• _EXERCISE INPUT_

* * * * *

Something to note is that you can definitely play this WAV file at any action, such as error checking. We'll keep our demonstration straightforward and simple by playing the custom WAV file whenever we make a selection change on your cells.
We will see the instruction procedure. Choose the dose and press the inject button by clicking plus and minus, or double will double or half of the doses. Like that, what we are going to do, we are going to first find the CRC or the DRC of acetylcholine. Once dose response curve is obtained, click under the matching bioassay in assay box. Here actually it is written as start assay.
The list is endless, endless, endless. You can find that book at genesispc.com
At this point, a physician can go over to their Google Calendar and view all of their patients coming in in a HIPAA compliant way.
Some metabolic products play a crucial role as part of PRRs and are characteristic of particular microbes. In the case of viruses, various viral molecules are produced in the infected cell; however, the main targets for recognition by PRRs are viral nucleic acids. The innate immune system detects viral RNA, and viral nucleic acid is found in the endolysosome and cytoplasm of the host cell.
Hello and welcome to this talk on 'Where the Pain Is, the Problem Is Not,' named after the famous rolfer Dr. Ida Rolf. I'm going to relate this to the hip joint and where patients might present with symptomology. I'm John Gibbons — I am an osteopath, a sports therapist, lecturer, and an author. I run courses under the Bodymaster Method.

* * * * *

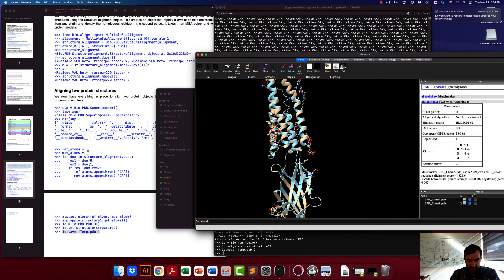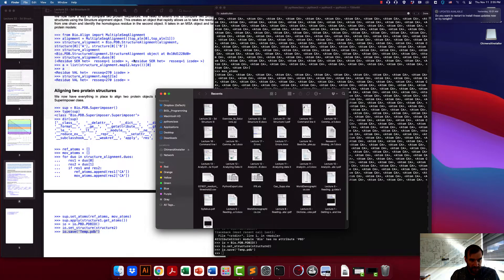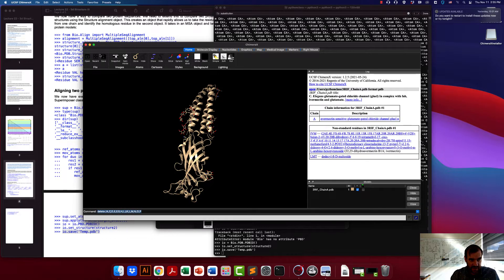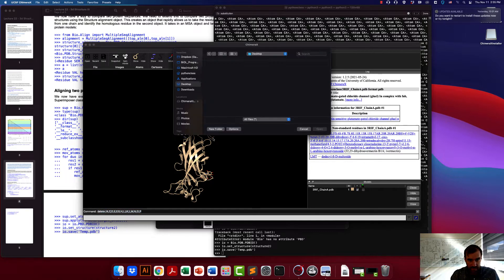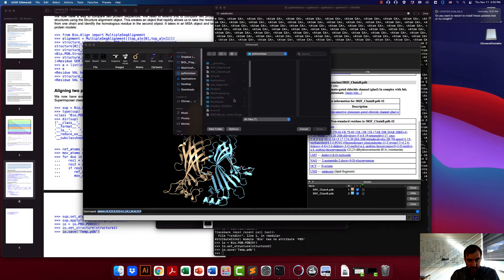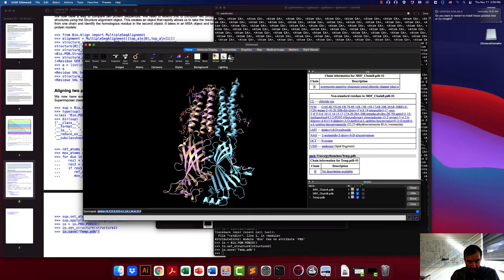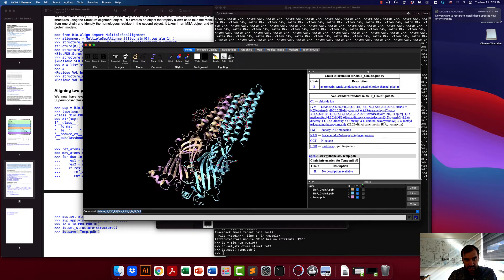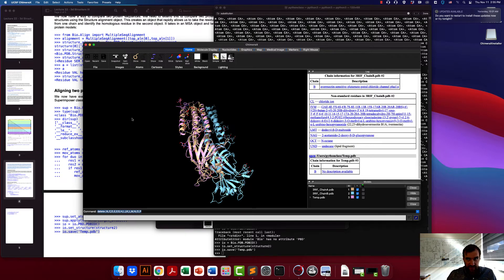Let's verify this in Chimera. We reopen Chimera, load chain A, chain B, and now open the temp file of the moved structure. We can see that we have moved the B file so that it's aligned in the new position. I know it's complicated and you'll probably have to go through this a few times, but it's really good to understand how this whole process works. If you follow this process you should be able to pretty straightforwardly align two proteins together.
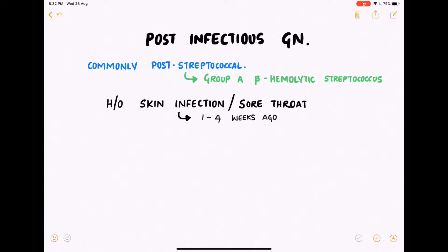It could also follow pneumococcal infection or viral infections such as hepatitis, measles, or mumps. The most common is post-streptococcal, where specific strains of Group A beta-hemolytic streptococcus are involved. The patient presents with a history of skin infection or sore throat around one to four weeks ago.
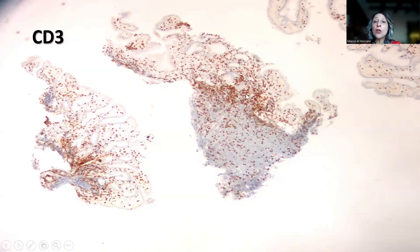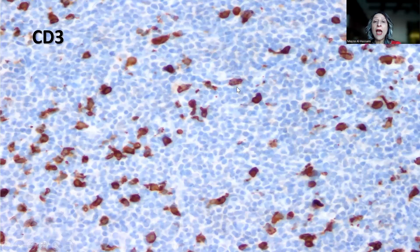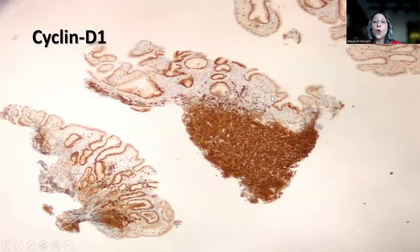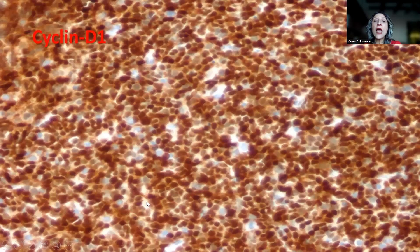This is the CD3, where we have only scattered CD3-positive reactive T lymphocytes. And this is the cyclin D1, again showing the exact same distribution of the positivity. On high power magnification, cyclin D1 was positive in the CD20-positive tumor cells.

* * * * *

• _TRY IT_
Search the entries above for lines containing the word "find", and copy each one.

• _RESULT OF THIS EXERCISE_
We will see the instruction procedure. Choose the dose and press the inject button by clicking plus and minus, or double will double or half of the doses. Like that, what we are going to do, we are going to first find the CRC or the DRC of acetylcholine. Once dose response curve is obtained, click under the matching bioassay in assay box. Here actually it is written as start assay.
The list is endless, endless, endless. You can find that book at genesispc.com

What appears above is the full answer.